監督黒沢清、主演役所広司。現在では世界有数の恐怖映画コンビだけれど、組んだのはこの作品が最初。
伝説の映画なので、はたしてどんな作品なのかと身構える。
おっといきなり大好きな蛍雪次朗登場。彼はホテルで売春婦を殺し、喉元をX字型に切り裂く。その現場にもの憂げな表情で現れるのが刑事の高部(役所広司)。彼は傷痕を見てまたかと思う。この、X字の殺人はくり返されていたのだ。しかし加害者たちや被害者たちに連関は見えてこない。
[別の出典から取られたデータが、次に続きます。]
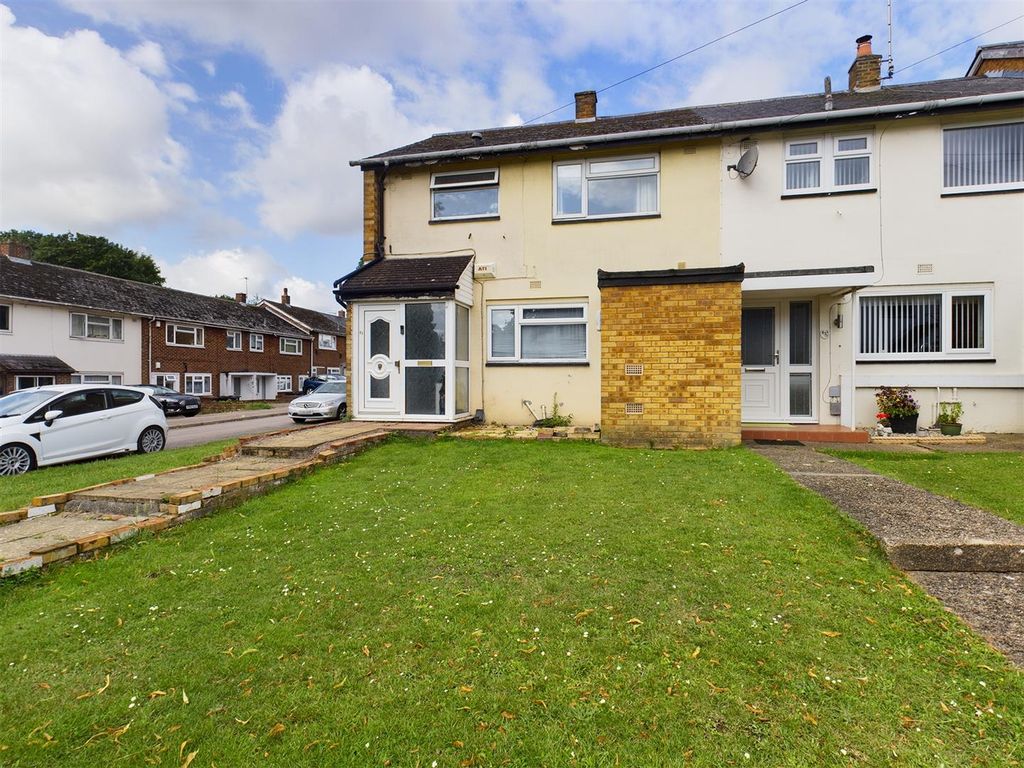 2 bed end terrace house for sale in Vinters Avenue, Stevenage, Hertfordshire SG1, £300,000 Zoopla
観客には、この時点ですでに間宮という記憶喪失の青年(萩原聖人)が絡んでいるであろうことが示されている。
この映画は最初「伝道師」というタイトルがついていて、オウムがらみのせいで(そんな時代)「キュア(癒し)」と改題されている。ふたつのタイトルがあるおかげで、これらの殺人がどんな意味を持っているかが推理できる。
ネタバレを覚悟で言えば、もちろん間宮が加害者たちを“伝道”し、彼らの心の奥底にあるなにものかを呼び起こし、殺人に至らしめていることがわかってくる。
生意気な後輩にいらついている巡査(でんでん)、男社会に絶望している女医(洞口依子)らは間宮によって覚醒し、殺人に至る。そして、心を病んだ妻(中川安奈!)にやさしく接する高部もまた……
大映資本で撮影された、思いのほかまっとうでメジャーな恐怖映画でした。しかし、ラストのファミレスのシーン(よーく見てくださいよ)に象徴される、きわめて抑制された語りが絶妙な作品でもある。
仲がよさそうに見える小学校教師が妻を惨殺する場面が「伝道」サイド。役所広司がラストで見せる穏やかな表情こそが「癒し」サイドというわけか。いやはや面白かった。ぜひ。